Cela les parents de Nöel le savent et tentent d’inciter leur fils à mieux s’occuper de sa jeune épouse. Ils forment un formidable couple de personnages, vieux sages qui voient tout quand Nöel, par trop candide et brusque, juge mal les êtres, y compris son propre fils, né d’un mariage précédent. Ces vieux parents perspicaces accueillent à bras ouverts leur bru mais déchantent ensuite quand elle trompe leur fils avec un capitaine de péniche dont elle s’éprend. A nouveau, Tourneur fait voir cela en un seul plan, sans dialogues : le regard insistant du capitaine pendant la noce, qui trouble Marthe. De même pour le moment où les parents comprennent cet adultère qu’ils craignaient, où un seul plan suffit, Tourneur filmant son couple de vieillards de l’extérieur : on aperçoit alors, à travers la vitre, leur visage inquiet et leur dialogue muet et impuissant. Une femme qui joue avec la solitude, c’est comme un enfant qui joue avec des allumettes, dit le vieux père. Lui-même d’ailleurs comprend les raisons de la jeune femme et lui sait gré d’avoir rendu, fut-ce quelques mois, leur fils heureux. Mais cette dernière, pris dans les filets de la passion, devient peu à peu odieuse, ne s’entendant plus avec ses beaux-parents, qui vont comprendre qu’ils ne sont plus chez eux lorsque Noël, séquence émouvante, remplace les vieux meubles de la maison par un mobilier moderne mais sans âme pour faire plaisir à sa jeune épouse. Les meubles, « comme le sang des veines, comme une galerie d’ancêtres qui les regardent ».
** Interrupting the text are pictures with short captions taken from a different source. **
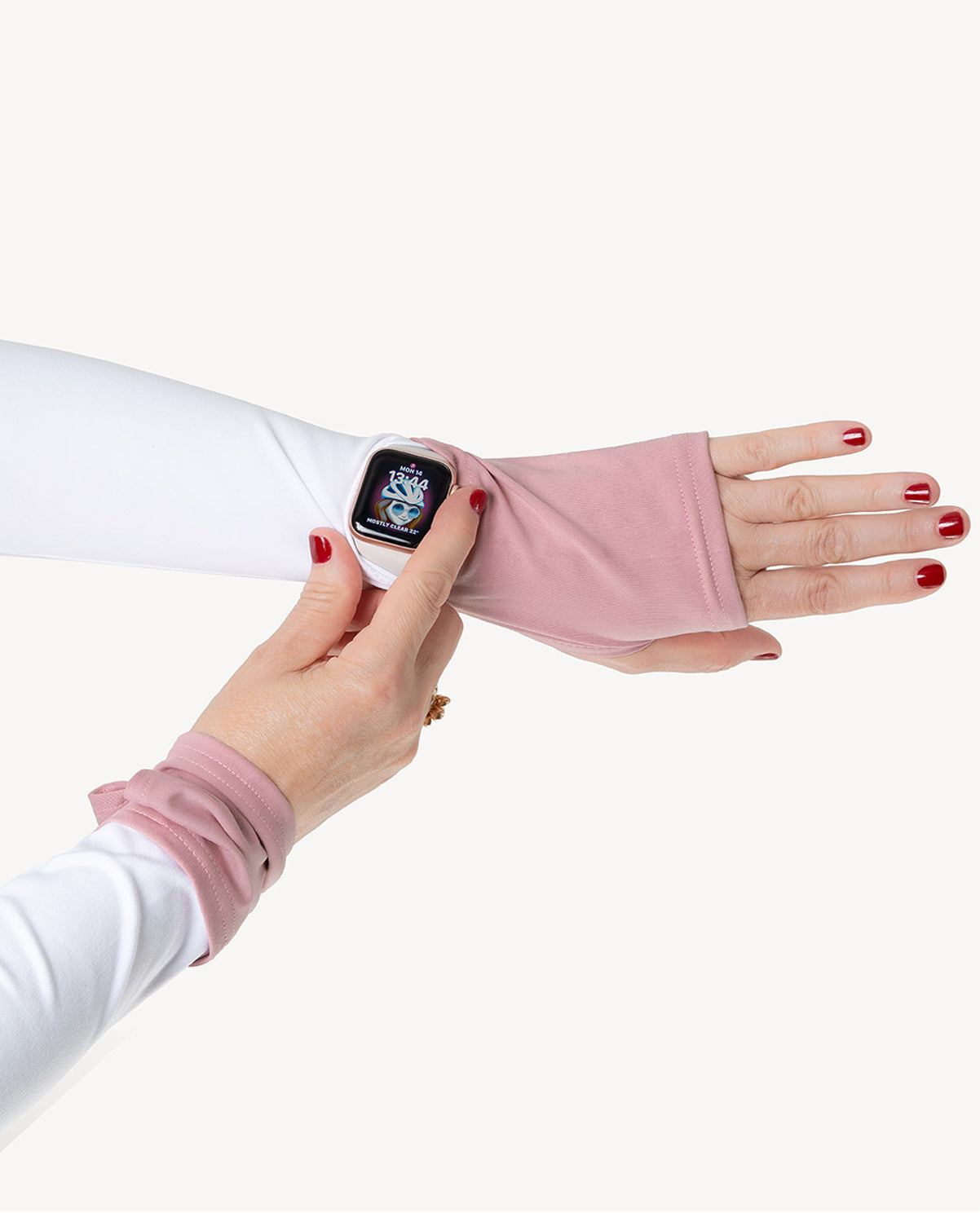 Person wearing a white and pink arm warmer with a smartwatch on a white background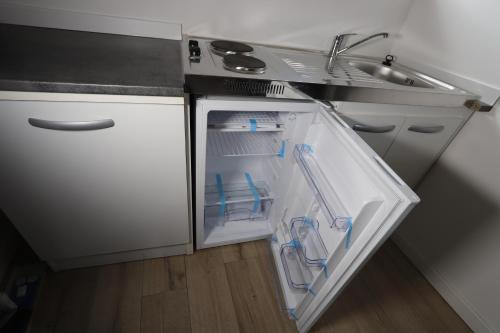 - un réfrigérateur ouvert dans une cuisine à côté d'un évier dans l'établissement Homeday, à Haguenau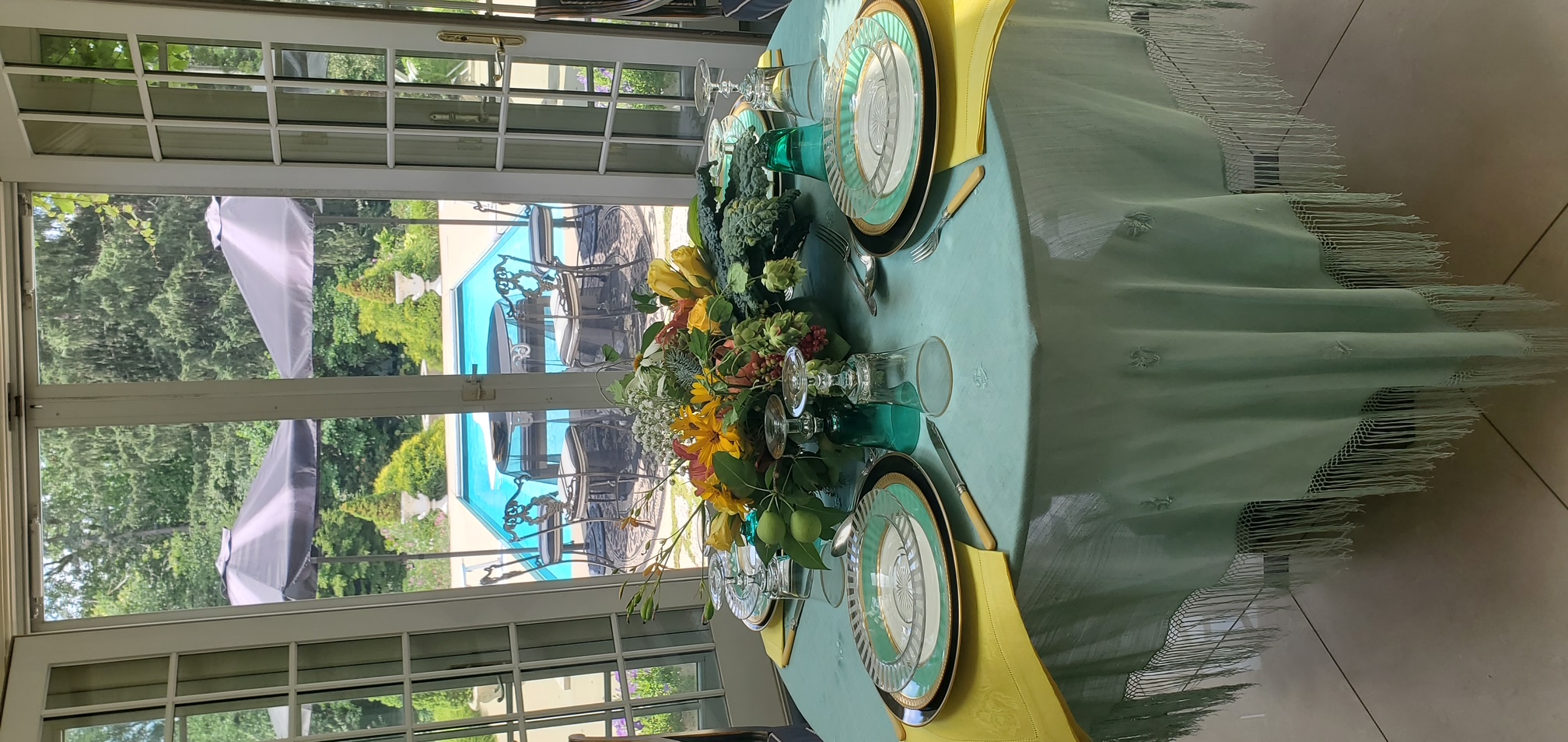 Aqua table setting facing pool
Ces compliments mérités étant faits, je ne crois pas que le critique puisse regarder ce film, si beau soit-il, sans s’interroger sur les valeurs familiales qu’il transmet dans le contexte de Vichy et je voudrais en dire quelques mots sans porter de jugement définitif. Que Le Val d’enfer soit un film produit en 1943 par la Continentale, firme française aux capitaux allemands dirigé par Alfred Greven, n’en fait pas, bien entendu, un film colportant la propagande du régime de Vichy pour cette seule raison. Il en va de même pour Les Inconnus dans la maison de Recoin et Le Corbeau de Clouzot, qui ne sont pas des films vichystes. En revanche, on est obligé de noter que l’intrigue du Val d’enfer s’accorde plutôt bien avec la notion de « corps familial » mise en avant par Vichy et que s’y exerce une sorte de justice immanente par l’intermédiaire de l’étrange personnage du « sauvage » (à cet égard, on ne peut parler ici de « destin » puisque que l’accident est prémédité) à l’encontre de Marthe, le personnage extérieur venu de la ville qui menace le corps familial et ses meubles qui sont comme le sang des veines. Cela n’empêche pas l’épilogue, avec la reconstitution de la famille originelle, d’être très beau, et on ne veut pas dire par là que Tourneur et son scénariste Carlo Rim doivent être suspectés de sympathies vichystes, a fortiori s’agissant de Rim qui vivait en France libre avec sa femme juive et abrita l’acteur résistant Robert Lynen, d’autant plus que la question de la mise à l’hospice des parents âgés se pose quels que soient les régimes, mais il ne me semble pas inutile dans la perspective du travail critique relatif à ce film de partager cette observation qui rend compte d’un contexte culturel et sociologique qui dépasse Vichy. C’est du reste la marque des grands films que de faire l’objet de plusieurs interprétations possibles, plusieurs interrogations parfois contradictoires, qui n’épuiseront pas leur sujet et n’apporteront pas de réponse ferme et définitive. Et après tout, Vichy n’a pas non plus le monopole du sujet de la famille et de la question de savoir ce qui la constitue. On retrouve à la lumière l’un des grands chefs-opérateurs français, Armand Thirard.